A evolução, no sentido representacional, da imagem escultórica na Grécia antiga, percorre um caminho que partiu da rigidez estilística da escultura egípcia que podemos observar no período arcaico, atingindo ao final deste percurso, a exatidão representacional que reconhecemos na escultura “Kristian Boy”, século V AC. Estranhamente, este rigor mimético, uma vez conquistado pelos artífices gregos, foi logo abandonado, voltando-se toda imagem escultórica, a partir de então, ao modo idealizado de produção, referenciado novamente, pelas figuras de córus e coré. Considerando esta premissa, podemos dizer que a imagem artística é algo que transcende a mera figuração mimética, e é neste âmbito que vamos abordar a atitude da artista em questão.
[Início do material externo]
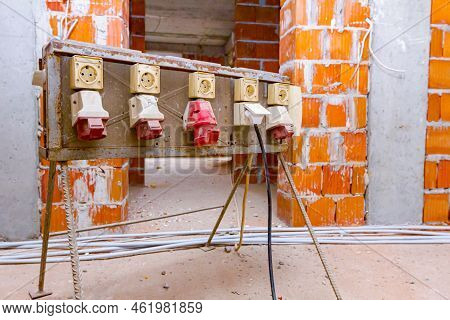 Distribution Panel With Industrial Multiphase Power Plugs And Sockets Are Providing Electrical Energ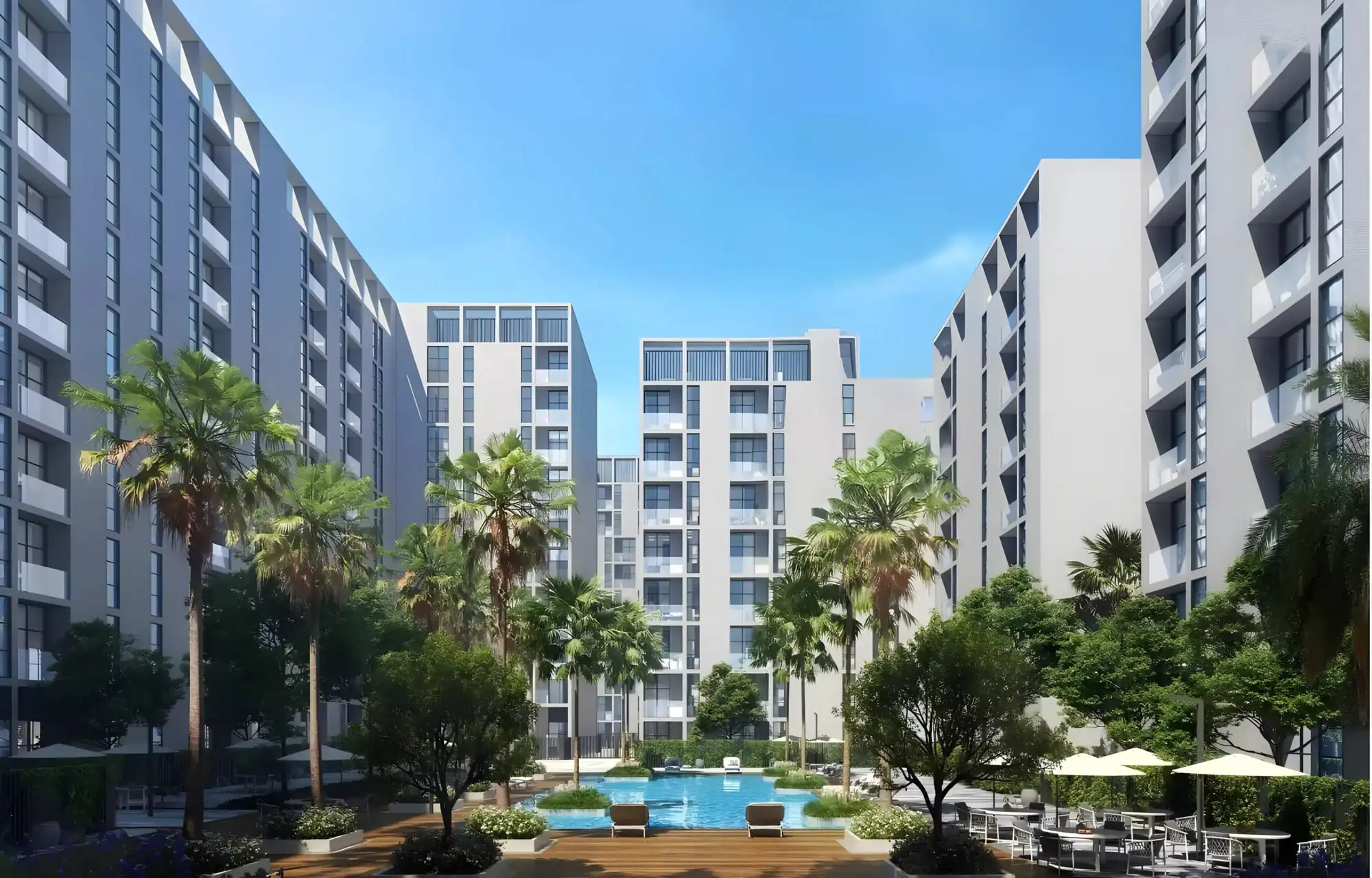 Modern Nama 3 Complex in Sharjah UAE Beautiful view of Nama 3 residential complex with lush greenery and swimming pool in Sharjah UAE.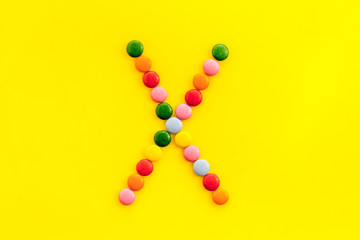 Letter X - alphabet made with sweets on yellow from above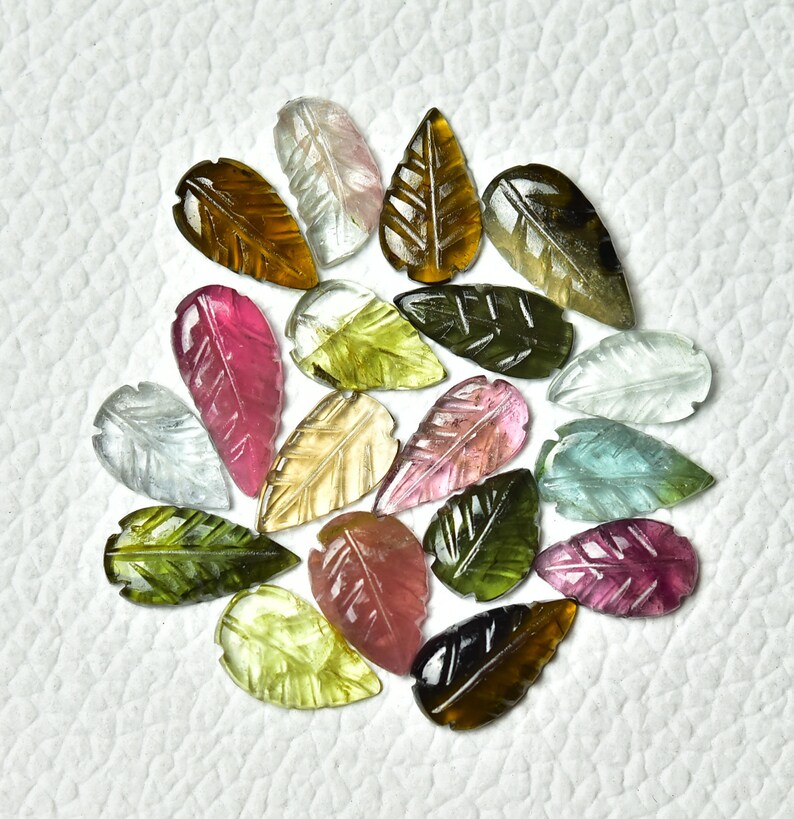 May include: Assortment of carved gemstone leaf shapes in various colors, including pink, green, brown, and clear. The leaves are approximately 1 inch in length.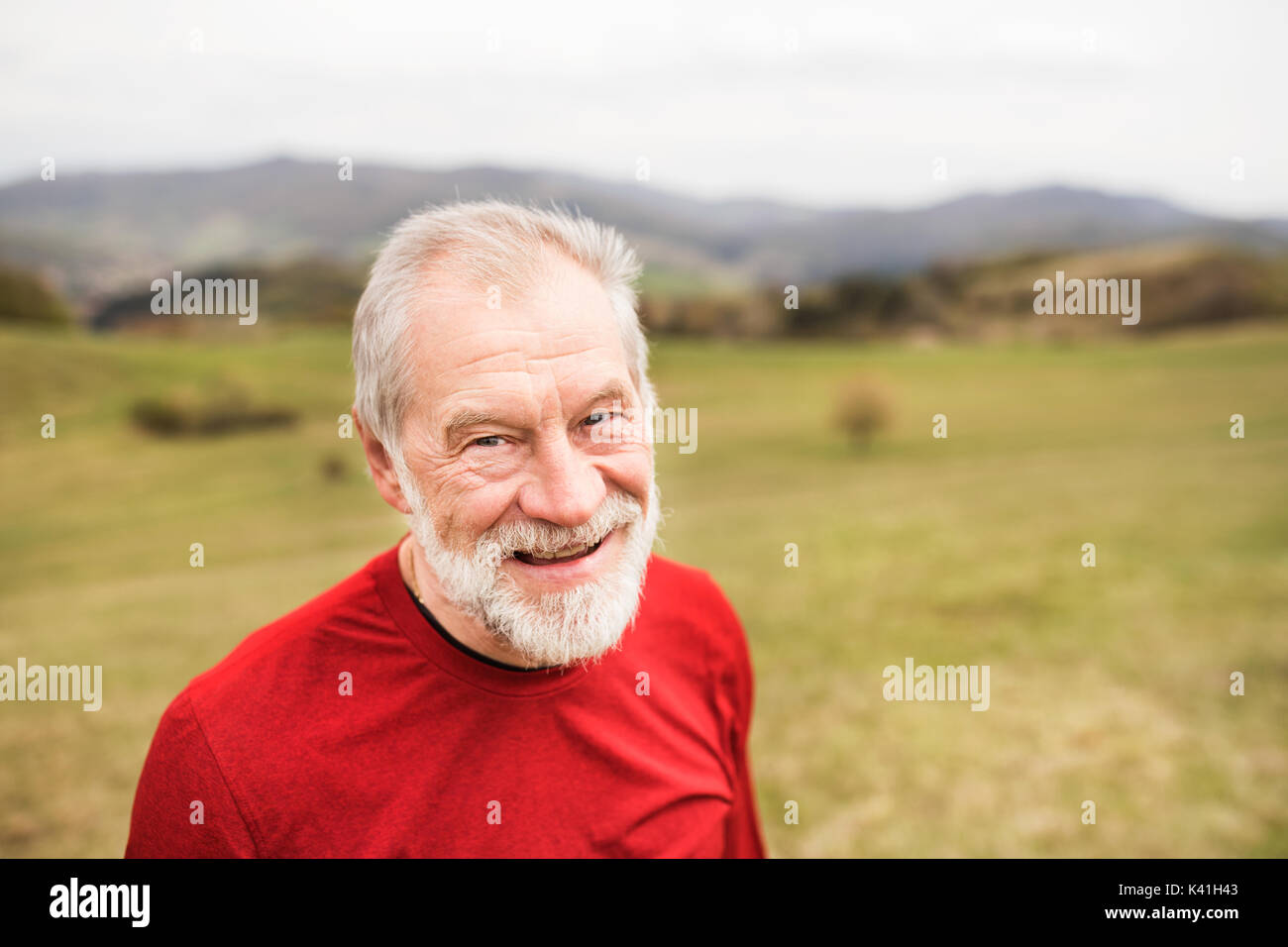 Active senior runner in felpa rossa in natura in appoggio. Foto Stock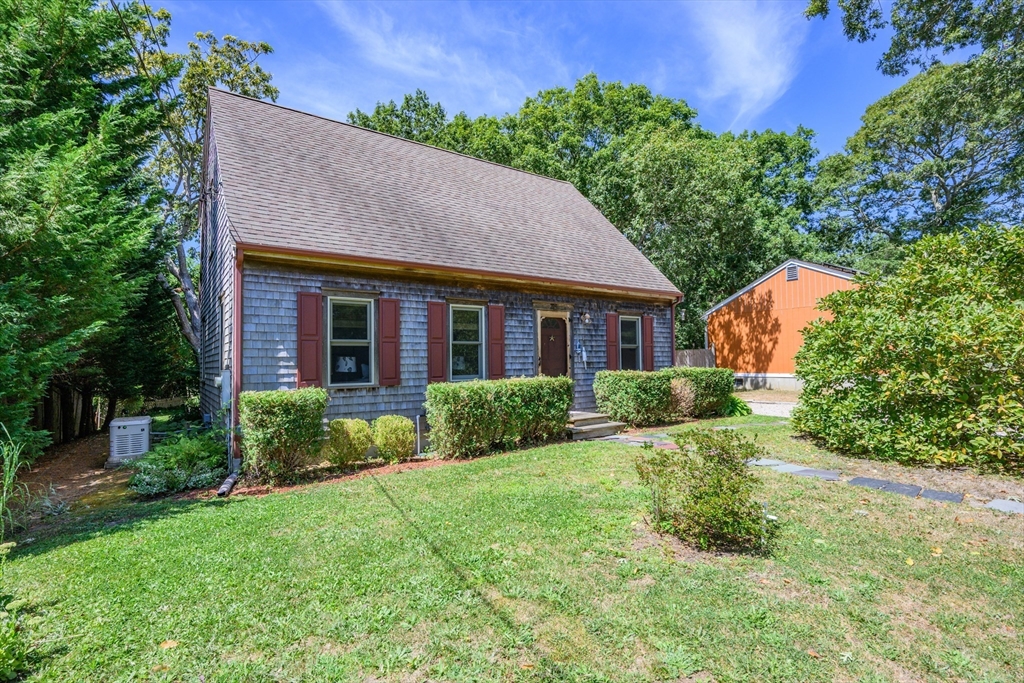 a aerial view of a house next to a big yard and large trees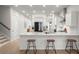 Modern kitchen with white cabinets, quartz countertops, and stainless steel appliances at 198 Steepbrook Dr, Summerville, SC 29486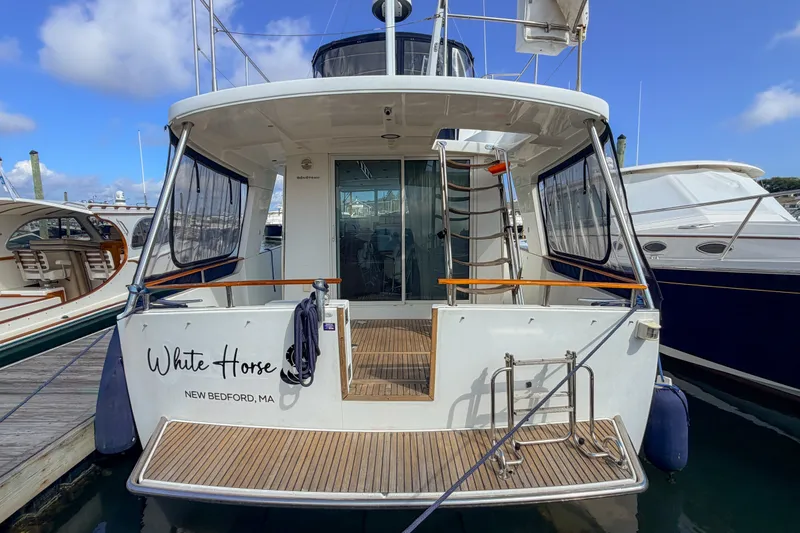 Slide: The Image of 2006 Beneteau Swift Trawler 42 docked, rear view with "White Horse" name visible. - 18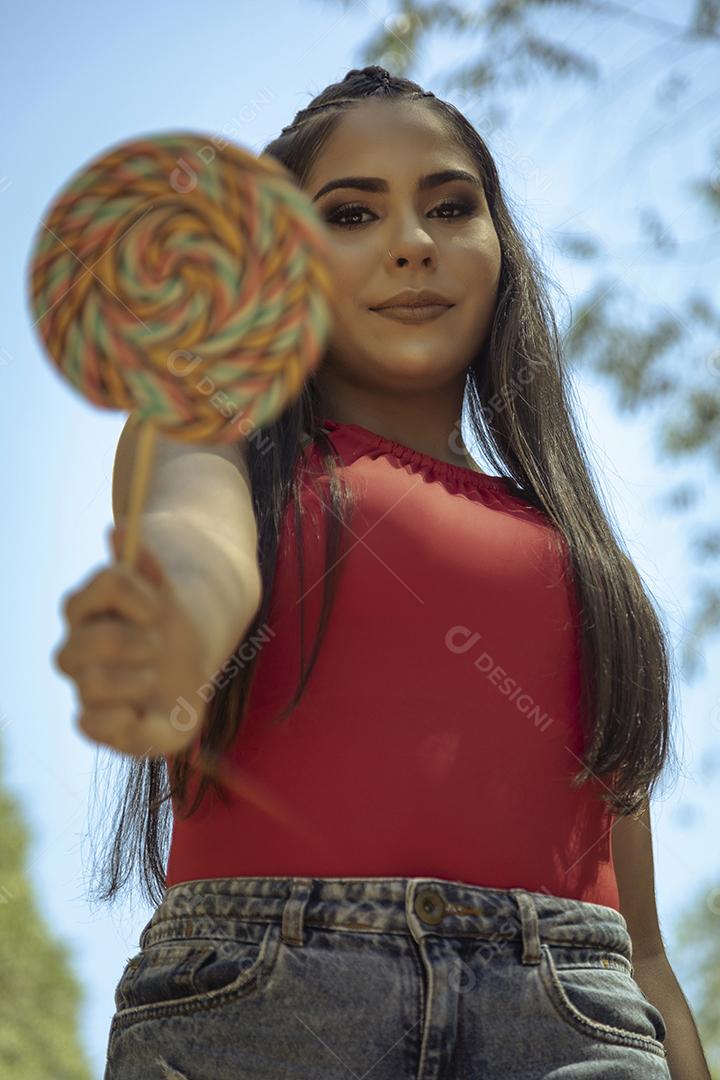 Linda menina morena segurando pirulito colorido na floresta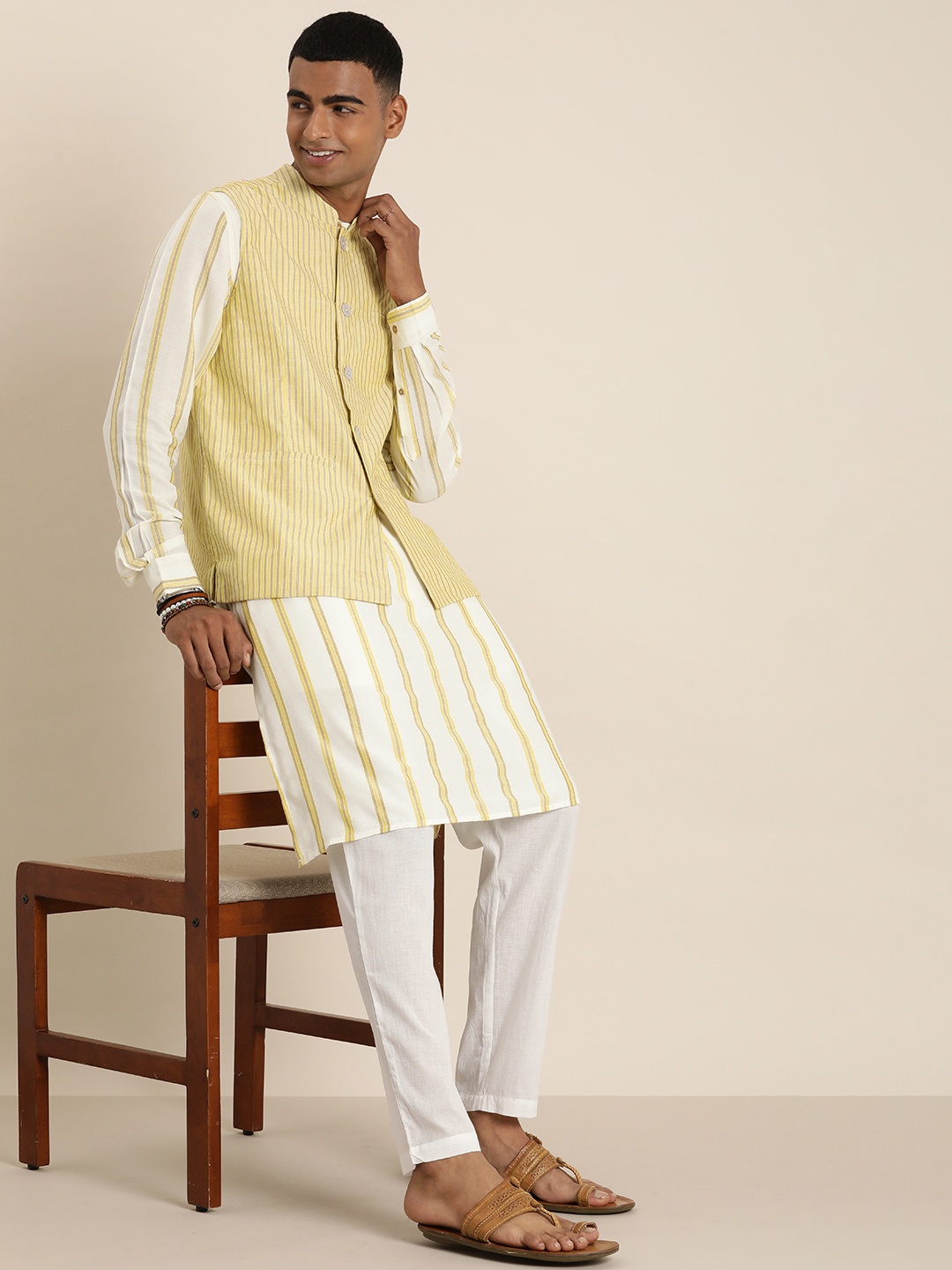 

Taavi Men Woven Legacy Striped Regular Pure Cotton Kurta with Trousers, Yellow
Ao adentramos no universo de imagens que Chrystiane Correa disponibilizou para esta mostra, podemos dizer que a indecisão entre a techné e a poyesis foi superada, uma vez que torna se explicito para nós, sua inclinação em direção ao não representacional, uma opção clara pela diferença, em vez de igualdade. As imagens planares desta artista visual, não buscam a exatidão figurativa, muito pelo contrario, elas são um decaimento, no sentido racional puro deste termo, uma versão pessoal, referenciada por uma experiência memorial junto a natureza e ao tempo. Suas imagens não descrevem o mundo vegetal exclusivamente, nem decidem pelos simbolismos internalizantes das, em vez disto, mesclam impressões originadas do seu interior imaginativo pessoal, com as imagens oriundas da natureza que engolfa um sujeito artista, inscrito em um atelier, no Engenho do Mato em Niterói. Baseados nesta compreensão, podemos então dizer que: no transito entre o simbolismo proliferativo e caótico da internalidade do sujeito, e uma enxurrada de imagens naturais, nesta diferença, entre o dentro e o fora, entre a representação e a transubstanciação das imagens, residem as obras de Chystiane Correa. Deste modo, sabemos então de antemão, que: o termo “original”, só aplica se, ao natural, e que resta para as imagens que produzimos, a condição de coisa traduzida pela sensibilidade humana, algo que não é exato, mas que é acrescido pela incerteza e dúvida que permeia a substância poética.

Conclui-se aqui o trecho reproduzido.